A just-released report on the economic recession documents that the crisis is hitting African Americans, Latinos and other people of color much harder than the general population with millions falling through the safety net. The report calls it a “State of Emergency.”

Titled, “Race and Recession: How Inequity Rigged the Economy and How to Change the Rules,” the report charges that African Americans, Latinos and other people of color have been hit hardest because of long-standing discrimination including “last hired, first fired” job practices, a flood of subprime mortgage foreclosures among Black and Latino families and a catastrophic loss of health insurance that hits people of color hardest of all.

Prepared by the Oakland-based Applied Research Center, the report declares that while all Americans worry about the economic recession the effects are “unevenly distributed.”

People of color “are unemployed, hungry, homeless and without healthcare at alarming rates.” Many have fallen through the “safety net” and millions more are about to go under. “This dire and worsening situation amounts to a State of Emergency,” the report warns.

It goes beyond graphs and statistics, offering profiles of the hardships of jobless Black and Latino workers in Washington State, California, Texas, Arkansas, Louisiana, Florida, Michigan, Ohio, New York and Rhode Island.

Maria Cecilia Osorio, a mother of two children, employed as a factory worker in Nogales, Arizona, was struggling against exploitation and abuse even before the recession, the report declares.
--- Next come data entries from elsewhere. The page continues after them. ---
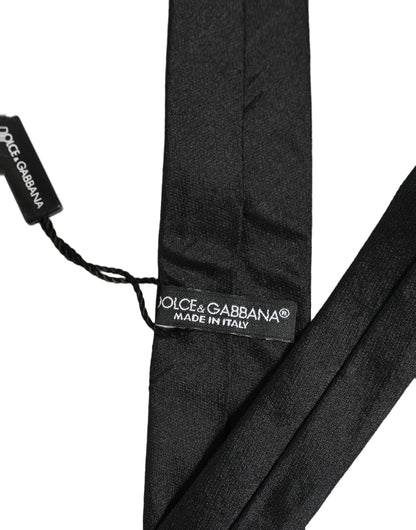 Dolce & Gabbana Men Black Satin Silk Classic Adjustable Tied Necktie Tie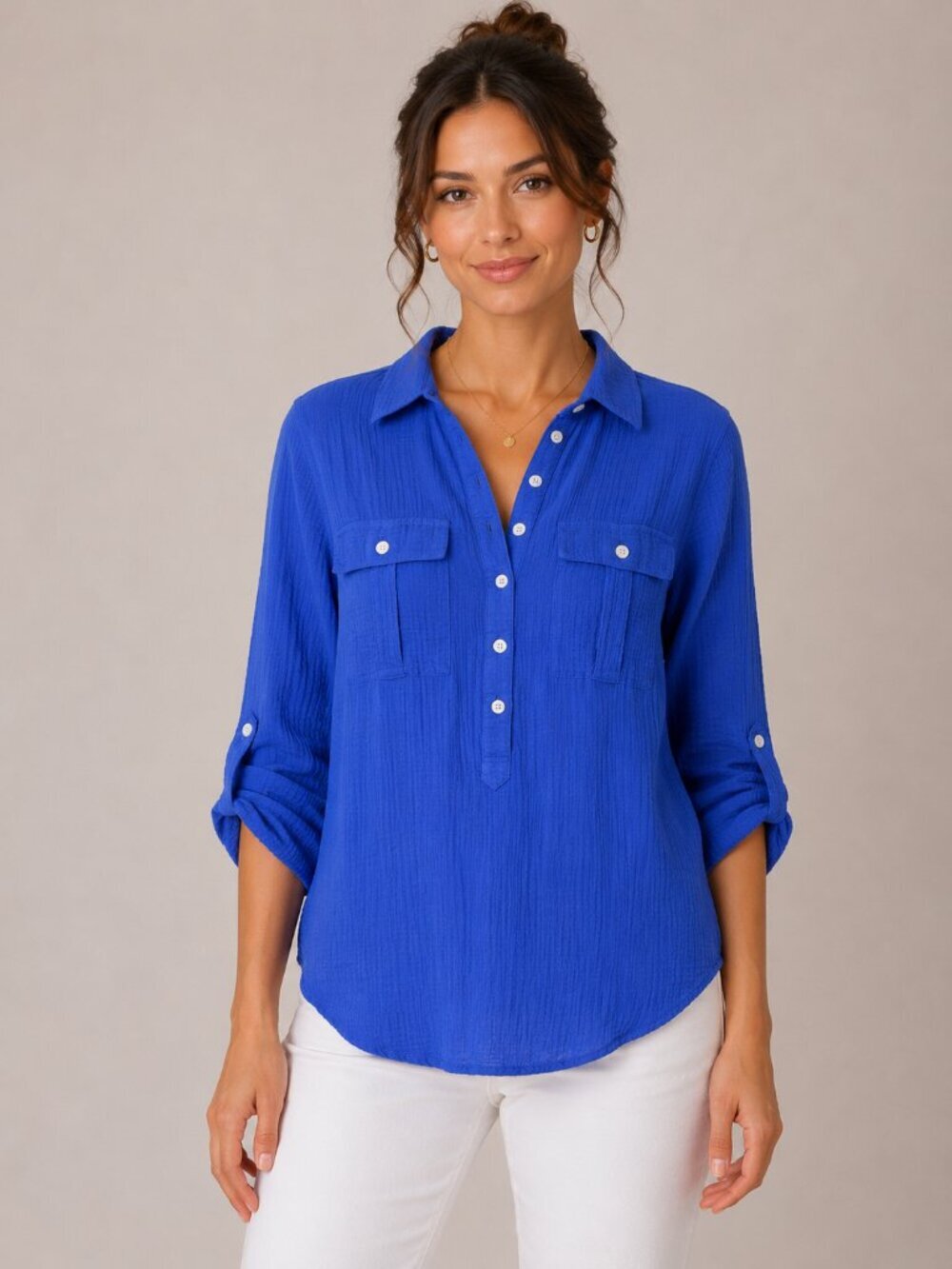 Tommy Bahama Coastal Blue 100% Cotton Beach Shirt XS Petite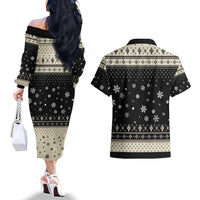 Cavalier King Charles Spaniel Xmas Ball Couples Matching Off The Shoulder Long Sleeve Dress and Hawaiian Shirt Christmas Dog Lovers - Wonder Print Shop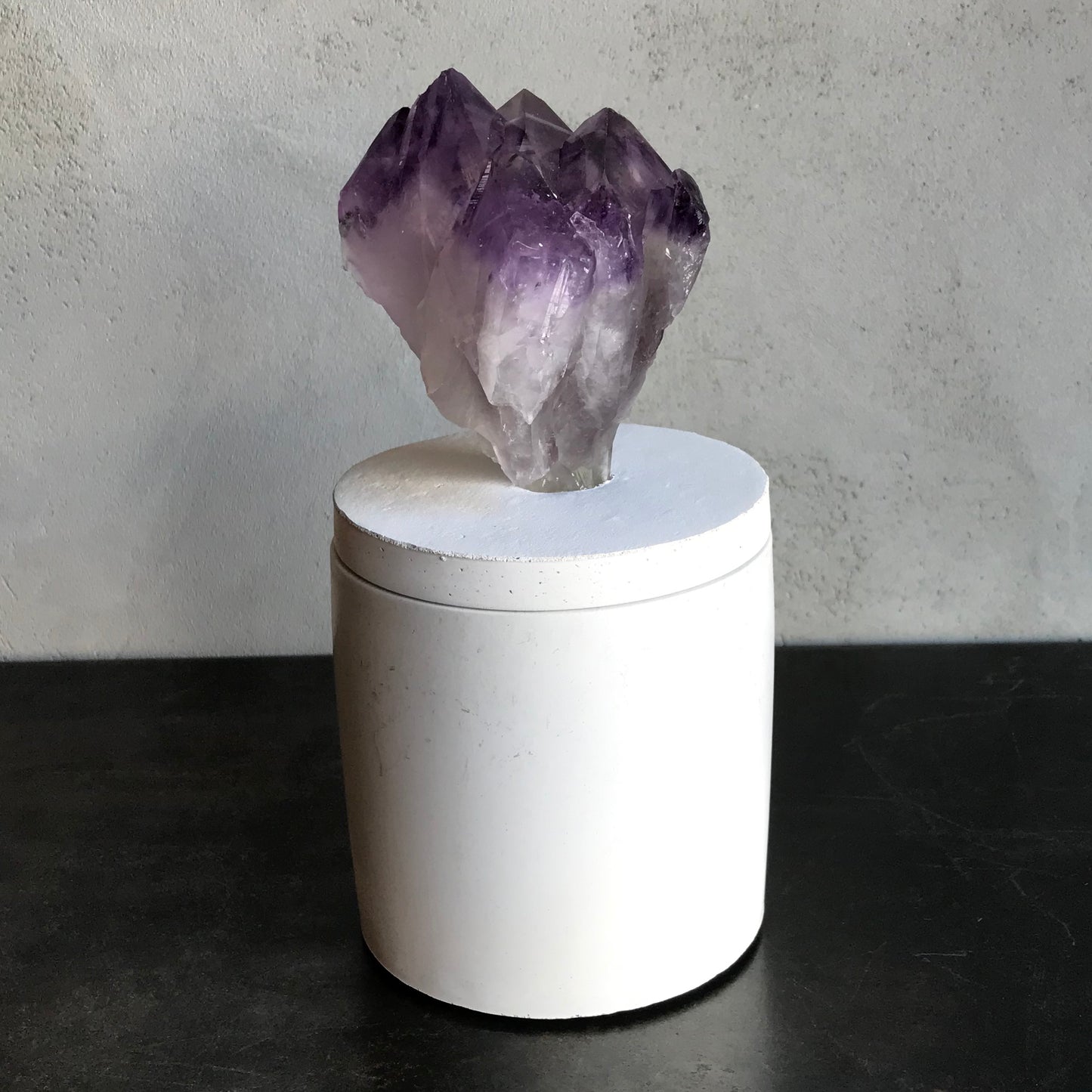 Amethyst Cluster Lid Candle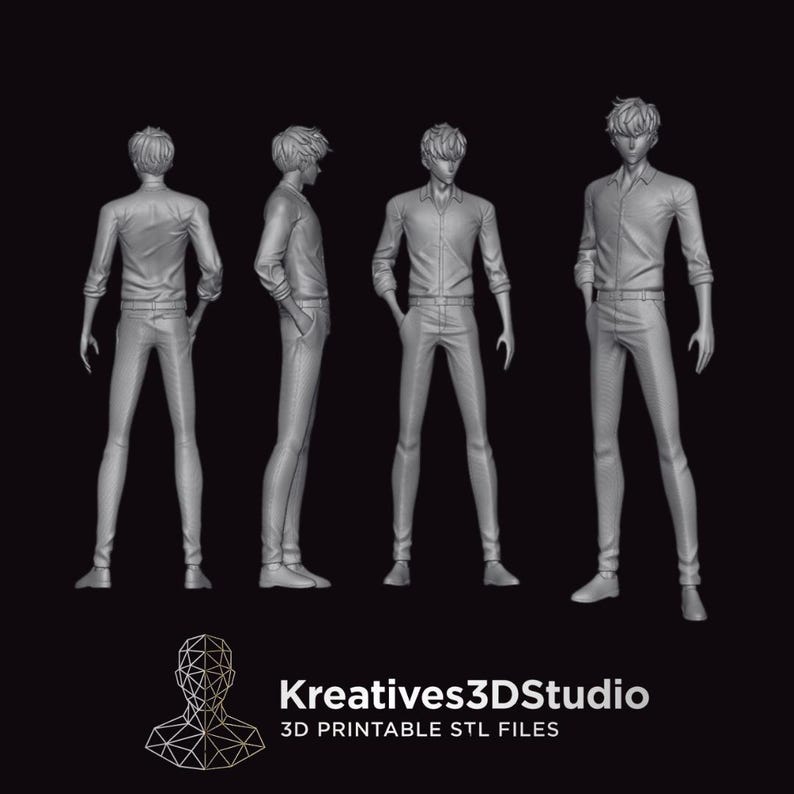 May include: A gray 3D digital model of a slender male figure shown from four different angles, including back, side, and front views. The figure wears a button-down shirt and trousers. Text at the bottom reads Kreatives3DStudio 3D PRINTABLE STL FILES.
She and her fellow-employees, many undocumented, are paid only $6 an hour, less than the minimum wage. “They discriminate a lot when you don’t have papers,” she says. “They did everything but crack the whip to make us work.” She charged that the boss routinely threatens to call the Border Patrol if the workers do not do exactly as the employer demands.

Farrah Hassan, an Iraqi-American mother of four told the researchers she was laid off from her job as a teacher’s assistant. After her unemployment benefits ran out, she applied for cash assistance. Two months later, the state claimed she was not meeting the “work requirement” and benefits were terminated. At the same time, Hassan’s mortgage bill doubled. The mortgage company foreclosed. Now she faces the immediate threat of eviction and homelessness.

“Communities of color were saddled with predatory sub-prime loans at a very high rate,” the report charges. “Many were sold sub-prime loans when they could have qualified for prime loans. The foreclosure epidemic has plagued communities of color and caused as loss of wealth that will have lasting generational effects. Disproportionate rates of foreclosure compound the deep and growing racial wealth divide.”

L.W. Vincent is a Black man in his mid-40s who cannot land a job. Two decades ago, he spent time in prison and his criminal record follows him everywhere. “When he does get an interview, he is often turned away, told that his criminal record makes him ineligible,” the report declares. “Homeless, Vincent spends his nights on other people’s couches…he faces the prospect of being permanently poor.”

The inequitable impact of the recession “is not random,” the report charges. “Rather, the conditions that create this disparity are structural, deeply embedded into the rules, the histories and the cultural currents of this country.”

The report continues, “As the country unites to recover and rebuild, the time has come for new rules so that everyone can engage on fair and even terms. To avoid repeating this crisis, we must recognize and combat the compounding effects of racial inequity.”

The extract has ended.